The ongoing film festival is taking place at two top venues in Yangon—Waziya Cinema and Goethe-Institut— and it will run from September 5 to 10.
“In recent years, Wathann has always been held at the same place that is Waziya Cinema. Luckily, we got another venue to screen the films and we are really thankful to Goethe Institut,” said Ko Thaid Dhi, a filmmaker and co-founder of the festival.
WFF is the very first independent competitive film festival in Yangon and it was first launched in September 2011 by Ko Thaid Dhi and another local filmmaker Ma Thu Thu Shein. It is a film platform for independent local and international filmmakers.
“This year we got a total of 57 local short and documentary film entries for the competition—an increased number from previous years,” said Ko Thaid Dhi.
Last year, there were around 45 local film entries in the competition section and they chose 29 of them for the final competition stage.
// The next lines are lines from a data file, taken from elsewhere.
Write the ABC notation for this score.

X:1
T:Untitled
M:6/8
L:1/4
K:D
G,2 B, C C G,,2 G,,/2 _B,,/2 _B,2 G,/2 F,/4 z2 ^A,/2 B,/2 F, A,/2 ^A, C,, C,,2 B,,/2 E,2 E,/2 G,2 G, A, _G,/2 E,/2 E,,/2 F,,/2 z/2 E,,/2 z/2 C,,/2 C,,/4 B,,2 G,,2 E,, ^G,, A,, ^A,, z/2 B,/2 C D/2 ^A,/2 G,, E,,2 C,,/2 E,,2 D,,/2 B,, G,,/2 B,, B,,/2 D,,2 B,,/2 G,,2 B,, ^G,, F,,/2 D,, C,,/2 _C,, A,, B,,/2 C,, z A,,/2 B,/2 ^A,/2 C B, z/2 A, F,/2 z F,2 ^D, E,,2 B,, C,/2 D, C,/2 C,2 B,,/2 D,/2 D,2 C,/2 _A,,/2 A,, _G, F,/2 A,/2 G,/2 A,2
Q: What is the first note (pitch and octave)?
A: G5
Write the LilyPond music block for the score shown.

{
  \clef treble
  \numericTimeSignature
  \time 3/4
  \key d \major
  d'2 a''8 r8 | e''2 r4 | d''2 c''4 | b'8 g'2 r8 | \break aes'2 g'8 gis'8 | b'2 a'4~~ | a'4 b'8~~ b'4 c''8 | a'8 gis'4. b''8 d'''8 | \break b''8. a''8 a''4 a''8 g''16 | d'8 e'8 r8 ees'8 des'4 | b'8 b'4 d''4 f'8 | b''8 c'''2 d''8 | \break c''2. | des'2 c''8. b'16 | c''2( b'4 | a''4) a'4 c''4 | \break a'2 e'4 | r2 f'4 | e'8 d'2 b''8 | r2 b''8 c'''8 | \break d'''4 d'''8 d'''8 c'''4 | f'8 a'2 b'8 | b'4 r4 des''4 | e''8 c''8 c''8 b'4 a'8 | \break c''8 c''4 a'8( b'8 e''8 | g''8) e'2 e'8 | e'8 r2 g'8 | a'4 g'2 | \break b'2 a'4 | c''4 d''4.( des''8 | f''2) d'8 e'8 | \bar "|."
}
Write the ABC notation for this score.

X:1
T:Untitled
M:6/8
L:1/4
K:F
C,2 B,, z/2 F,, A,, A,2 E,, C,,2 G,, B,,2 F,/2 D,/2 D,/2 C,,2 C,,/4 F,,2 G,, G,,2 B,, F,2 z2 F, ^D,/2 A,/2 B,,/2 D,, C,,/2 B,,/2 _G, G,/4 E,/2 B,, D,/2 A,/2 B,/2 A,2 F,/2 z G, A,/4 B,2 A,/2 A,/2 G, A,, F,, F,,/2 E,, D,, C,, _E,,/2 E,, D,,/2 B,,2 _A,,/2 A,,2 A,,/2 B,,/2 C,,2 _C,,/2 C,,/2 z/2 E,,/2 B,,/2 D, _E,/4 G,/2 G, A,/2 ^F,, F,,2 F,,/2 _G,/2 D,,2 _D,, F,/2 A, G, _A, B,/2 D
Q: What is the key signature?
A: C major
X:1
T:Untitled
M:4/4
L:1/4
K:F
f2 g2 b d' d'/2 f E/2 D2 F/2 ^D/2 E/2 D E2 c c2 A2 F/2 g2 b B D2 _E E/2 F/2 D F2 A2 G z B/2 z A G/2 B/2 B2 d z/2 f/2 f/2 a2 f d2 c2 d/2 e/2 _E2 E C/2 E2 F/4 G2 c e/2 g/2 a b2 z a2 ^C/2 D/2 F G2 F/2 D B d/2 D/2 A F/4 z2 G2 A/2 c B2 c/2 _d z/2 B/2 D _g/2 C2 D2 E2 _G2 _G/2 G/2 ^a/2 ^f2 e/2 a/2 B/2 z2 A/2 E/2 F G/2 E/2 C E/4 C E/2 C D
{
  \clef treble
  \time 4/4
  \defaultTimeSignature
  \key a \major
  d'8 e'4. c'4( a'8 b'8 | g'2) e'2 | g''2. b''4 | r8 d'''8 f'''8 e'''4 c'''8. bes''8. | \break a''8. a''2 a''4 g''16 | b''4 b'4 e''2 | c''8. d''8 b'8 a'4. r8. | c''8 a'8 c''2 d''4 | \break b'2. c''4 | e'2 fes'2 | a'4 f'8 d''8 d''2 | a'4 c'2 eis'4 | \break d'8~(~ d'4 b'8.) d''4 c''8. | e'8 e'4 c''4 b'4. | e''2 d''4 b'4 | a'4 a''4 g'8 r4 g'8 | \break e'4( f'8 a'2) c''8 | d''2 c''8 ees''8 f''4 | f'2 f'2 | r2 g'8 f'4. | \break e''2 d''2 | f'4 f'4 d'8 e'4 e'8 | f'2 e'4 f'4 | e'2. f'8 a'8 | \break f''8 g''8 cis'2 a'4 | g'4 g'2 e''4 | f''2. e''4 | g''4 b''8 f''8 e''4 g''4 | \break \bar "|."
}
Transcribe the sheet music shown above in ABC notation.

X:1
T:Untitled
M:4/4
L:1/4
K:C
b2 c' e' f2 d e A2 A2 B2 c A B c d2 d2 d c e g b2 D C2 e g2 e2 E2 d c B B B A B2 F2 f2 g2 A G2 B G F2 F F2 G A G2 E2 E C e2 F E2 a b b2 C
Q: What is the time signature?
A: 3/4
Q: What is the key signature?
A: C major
“This year we selected only 11 competition films to screen at the film festival and yes, it less than last year. The festival team wants to focus on quality and to make it more competitive and challenging for the filmmakers,” Ko Thaid Dhi added.
All films to be screened for the festival have to be submitted to the national censorship board which is comprised of members of the Ministry of Information and the Myanmar Motion Picture Organization (MMPO), in order to get approval to be screened.
“We always have to submit the films and the board members usually ask for some scenes of movies to be cut out but no director ever wants to cut out scenes from their film,” said Ko Thaid Dhi.
The WFF team and directors always have to negotiate with the censorship board members. Usually the final result is that they don’t need to cut off the full scene but rather blur or cover subjects which they don’t want to be shown to audiences.
“One actor’s dialogue included the word ‘sout’ (a Myanmar swear word) so we had to cover that sound. In another case, a girl in the film called ‘Whispers of Silence’ is seen drinking wine with a boy and the board members said girls shouldn’t drink wine so we had to cover the wine glasses,” said Ko Thaid Dhi explaining some struggles of this year’s festival.
Even though the filmmakers didn’t want to cover the props, they don’t have a choice and it’s much better than cutting out a whole scene from the film, added Ko Thaid Dhi.
Another highlight of this year’s festival program is ‘S-Express’, an annual collaboration of short film programmers from nine countries including Thailand, Singapore, Indonesia, Myanmar, Cambodia, Malaysia, Philippines, Vietnam and Laos. In this program, the programmers will bring selected short films from their country to screen at the film festival.
A new program feature called ‘Reflection of Society’ is a special screening of four documentary films by woman filmmakers from Myanmar who aim to reflect today’s social and political situations through their documentary films.
“Actually, we didn’t intend to feature only woman’s films in this section. The films we selected are coincidentally all directed by women and they are all really good and tell stories from different filmmakers’ aspects,” Ko Thaid Dhi said.
The festival will screen more than 70 short and documentary films from both local and international filmmakers including the 11 competition films, eight international feature-length films, four local documentaries for the aforementioned ‘Reflection of Society’ and other short films.
The winners will be selected from the 11 competition films on the last day of the festival in the categories of Best Documentary, Best Short film and New Wave Award. Each winner will win one million kyats and a special trophy designed by Traditional Czech Crystal.
The judges for this year’s festival are from Myanmar, Japan and Germany.
The opening ceremony was held on Wednesday at the Waziya Cinema and three short and documentary films were screened including Blood Flowers by Maung Day, The Memory of Water by Mary Stephen and Seasonal Rain by Aung Phyoe.